Manager Dave Roberts dismissed talk of a “hangover effect,” but the Dodgers looked soggy in a 9-3 loss in which the offense mustered six hits and went 0 for 6 with runners in scoring position, the defense committed a key error leading to three unearned runs, and two lower-leverage relievers were torched for six runs.

“The hangover was Peralta tonight,” Roberts said of Brewers right-hander Freddy Peralta, who held the Dodgers to one run and three hits in six innings. “I thought we had some momentum coming into this series… I don’t think the energy was lagging, but when you have a guy carving you up, it takes the wind out of your sails.”

Gonsolin, making his third start after missing most of April because of a left-ankle sprain, looked dominant for most of his six-inning, 80-pitch stint, giving up three hits, striking out six and walking none, his only mistake a hanging split-fingered fastball that Joey Wiemer hit for a three-run homer in the fifth.

“I’m telling you, Tony threw the crap out of the baseball — it was just one mistake,” Roberts said. “I thought all of his stuff was really good — velocity, the secondary pitches, how he sequenced.”

Milwaukee Brewers starting pitcher Freddy Peralta delivers against the Dodgers in the first inning Monday.

Milwaukee Brewers starting pitcher Freddy Peralta delivers against the Dodgers in the first inning Monday. (Morry Gash/Associated Press)

Gonsolin retired 12 of the first 13 Brewers he faced, five by strikeout, and had yielded only one hit when William Contreras opened the fifth with a slow roller to the left of third baseman Michael Busch.
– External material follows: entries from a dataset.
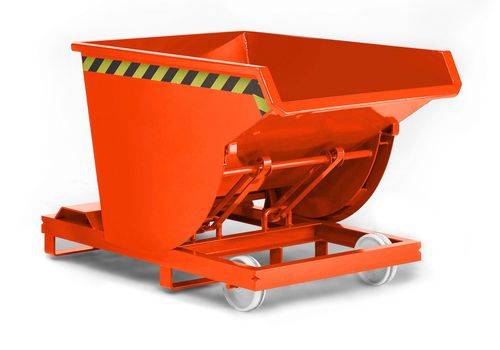 Beistell-Kippbehälter aus Stahl, 500 Liter Volumen, orange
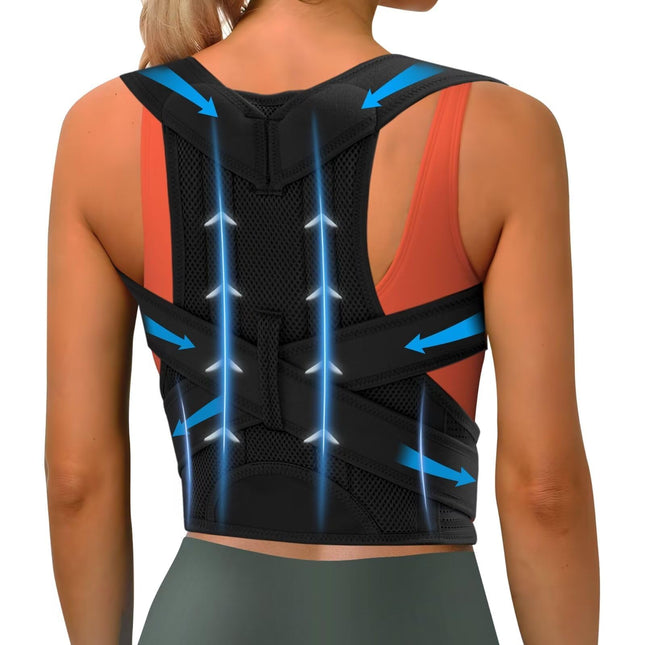 Back Brace Posture Corrector for Men Women (40-45"), Adjustable Full Back Brace and Shoulder Back Straightener, Scoliosi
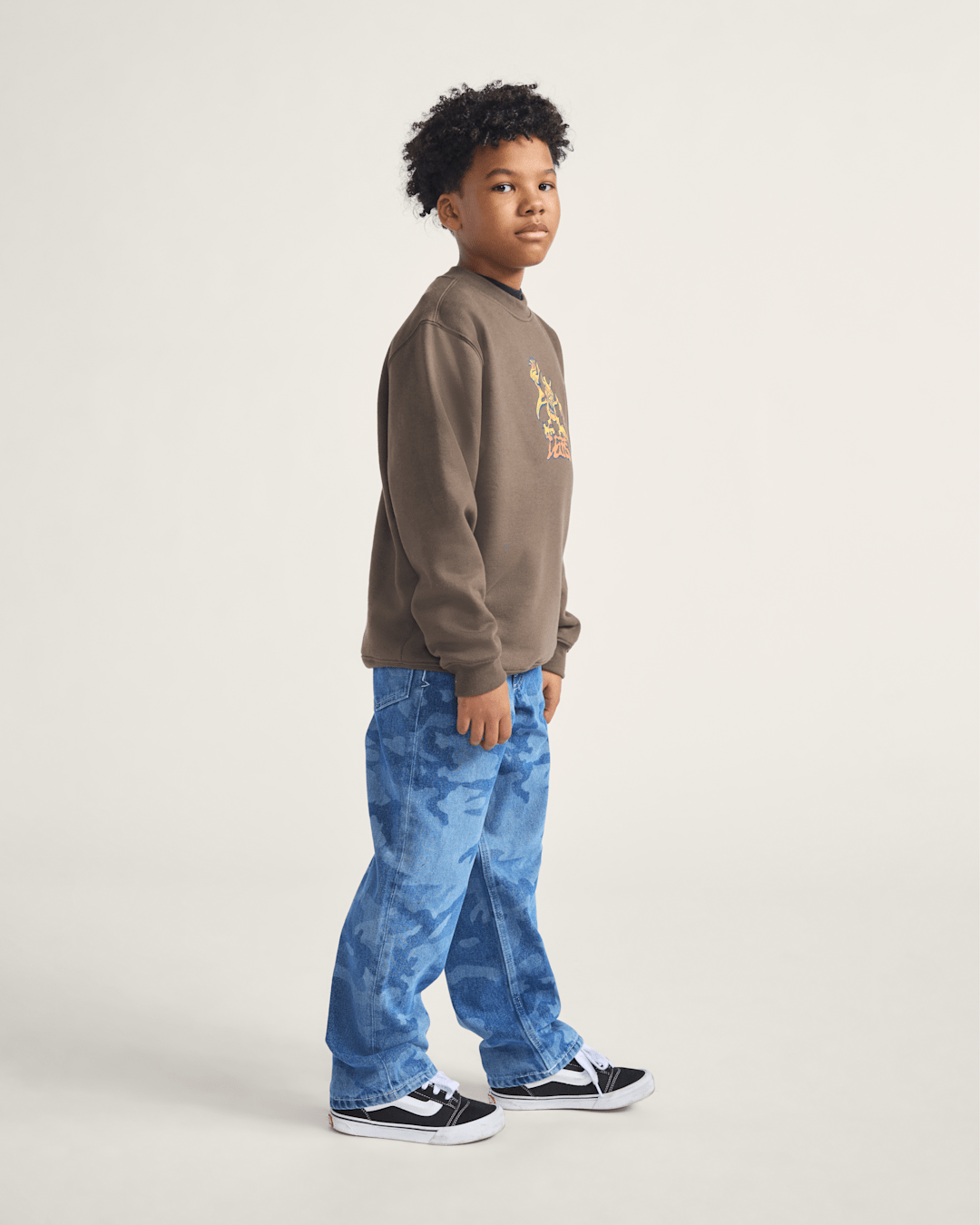 Kids Check-5 Loose Denim Pants in Stonewash Blue | Vans outlet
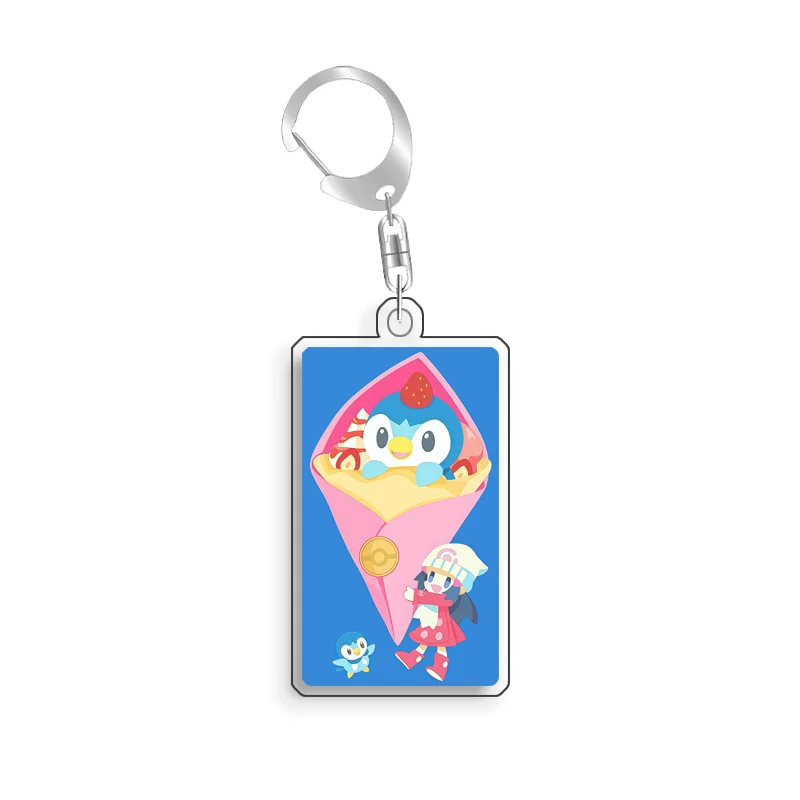 For Pokemon Elf Qikchu Piplup Leafeon Snivy Espeon Sylveon Acrylic Selfmade Cute Cartoon Anime Keychain Pendant Toy Gift 5cm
Busch recovered from an initial bobble in time to retire the slow-footed catcher, but his throw sailed wide of first base for an error.

“Yeah,” Busch said, when asked if he had more time on the play than he realized. “I tried to throw it quickly, but I gotta get it in my glove first.”

Gonsolin struck out Brian Anderson and got Brice Turang to ground into a fielder’s choice for the second out, but Tyrone Taylor singled to center, and Gonsolin left an 84-mph splitter middle-in to Wiemer, who sent a 109-mph screamer into the left-field seats for his third homer of the season and a 3-0 lead.

“We just gotta make plays,” Roberts said. “If you’re giving teams extra outs, at some point in time, it’s going to cost you.”

The Dodgers got one run back in the sixth when Freddie Freeman doubled, took third on Jason Heyward’s groundout and scored on Max Muncy’s grounder to first to make it 3-1.

But the Brewers tacked on against relievers Phil Bickford and Wander Suero in a six-run seventh, Wiemer hitting an RBI double, Christian Yelich a two-run single and Willy Adames a three-run homer for a 9-1 lead.

Chris Taylor drove a pinch-hit, two-run homer to center field in the ninth, and of the Dodgers utility man’s 18 hits this season, seven are homers. But the game was well out of reach by then.

“It was not easy, to be honest, but it’s part of the game,” Dodgers left fielder David Peralta said of the grueling travel schedule. “We did our best today. We were grinding every at-bat, every inning. It just didn’t go our way. So we’re gonna get some rest tonight, refresh for tomorrow and start over again.”

Baby boom

The Dodgers were a man down in the bullpen after left-hander Caleb Ferguson returned to Los Angeles to be with his wife, Carissa, who is past her due date with the couple’s first child. Ferguson pitched in San Diego on Saturday and Sunday and would not have been available Monday. The Dodgers will add another arm Tuesday, and Ferguson will be the fifth Dodgers player this season to be placed on the paternity list.